DIRECTIONS >>
Each line of the records below that contains "venda" needs to be copied.

DATA FOR ANALYSIS >>
= = = = =
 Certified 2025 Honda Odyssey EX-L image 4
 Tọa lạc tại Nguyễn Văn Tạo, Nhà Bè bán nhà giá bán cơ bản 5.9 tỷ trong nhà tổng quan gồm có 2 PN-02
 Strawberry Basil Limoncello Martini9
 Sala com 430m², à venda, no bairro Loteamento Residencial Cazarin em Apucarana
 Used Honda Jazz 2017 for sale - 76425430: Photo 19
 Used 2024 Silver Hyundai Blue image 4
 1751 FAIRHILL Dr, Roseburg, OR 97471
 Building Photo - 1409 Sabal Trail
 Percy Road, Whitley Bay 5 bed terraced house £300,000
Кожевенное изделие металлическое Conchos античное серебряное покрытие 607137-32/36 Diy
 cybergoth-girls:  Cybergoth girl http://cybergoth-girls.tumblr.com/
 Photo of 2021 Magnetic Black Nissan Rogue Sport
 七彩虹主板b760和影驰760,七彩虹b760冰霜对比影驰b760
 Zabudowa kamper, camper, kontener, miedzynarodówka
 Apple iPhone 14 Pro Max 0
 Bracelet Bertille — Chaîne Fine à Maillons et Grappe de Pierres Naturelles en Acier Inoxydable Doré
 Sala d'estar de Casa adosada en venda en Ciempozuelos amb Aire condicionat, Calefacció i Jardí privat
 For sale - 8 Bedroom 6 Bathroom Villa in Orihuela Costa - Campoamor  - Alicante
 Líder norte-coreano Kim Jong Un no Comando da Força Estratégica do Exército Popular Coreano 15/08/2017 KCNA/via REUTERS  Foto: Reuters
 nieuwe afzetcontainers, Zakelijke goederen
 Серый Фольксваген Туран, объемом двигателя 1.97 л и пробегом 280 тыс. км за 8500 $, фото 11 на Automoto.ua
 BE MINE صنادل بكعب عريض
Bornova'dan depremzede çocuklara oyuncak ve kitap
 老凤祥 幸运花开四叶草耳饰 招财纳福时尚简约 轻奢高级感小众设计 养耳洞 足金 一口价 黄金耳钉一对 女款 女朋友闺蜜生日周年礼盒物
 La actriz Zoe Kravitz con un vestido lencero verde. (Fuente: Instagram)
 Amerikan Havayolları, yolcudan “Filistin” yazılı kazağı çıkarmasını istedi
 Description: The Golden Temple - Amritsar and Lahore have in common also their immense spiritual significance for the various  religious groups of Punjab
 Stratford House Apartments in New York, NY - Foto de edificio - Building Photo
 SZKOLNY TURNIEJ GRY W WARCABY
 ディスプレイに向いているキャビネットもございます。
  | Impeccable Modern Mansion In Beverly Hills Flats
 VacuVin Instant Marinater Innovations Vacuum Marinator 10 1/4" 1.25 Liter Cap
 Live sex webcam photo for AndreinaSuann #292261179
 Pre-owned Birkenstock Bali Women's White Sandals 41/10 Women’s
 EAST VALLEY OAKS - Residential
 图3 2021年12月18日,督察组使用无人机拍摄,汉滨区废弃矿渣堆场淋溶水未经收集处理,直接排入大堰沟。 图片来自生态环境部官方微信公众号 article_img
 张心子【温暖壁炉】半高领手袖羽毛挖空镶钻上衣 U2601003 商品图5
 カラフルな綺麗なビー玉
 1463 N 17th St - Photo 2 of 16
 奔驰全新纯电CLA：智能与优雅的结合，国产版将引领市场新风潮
= = = = =
FINAL ANSWER >>
 Sala com 430m², à venda, no bairro Loteamento Residencial Cazarin em Apucarana
 Sala d'estar de Casa adosada en venda en Ciempozuelos amb Aire condicionat, Calefacció i Jardí privat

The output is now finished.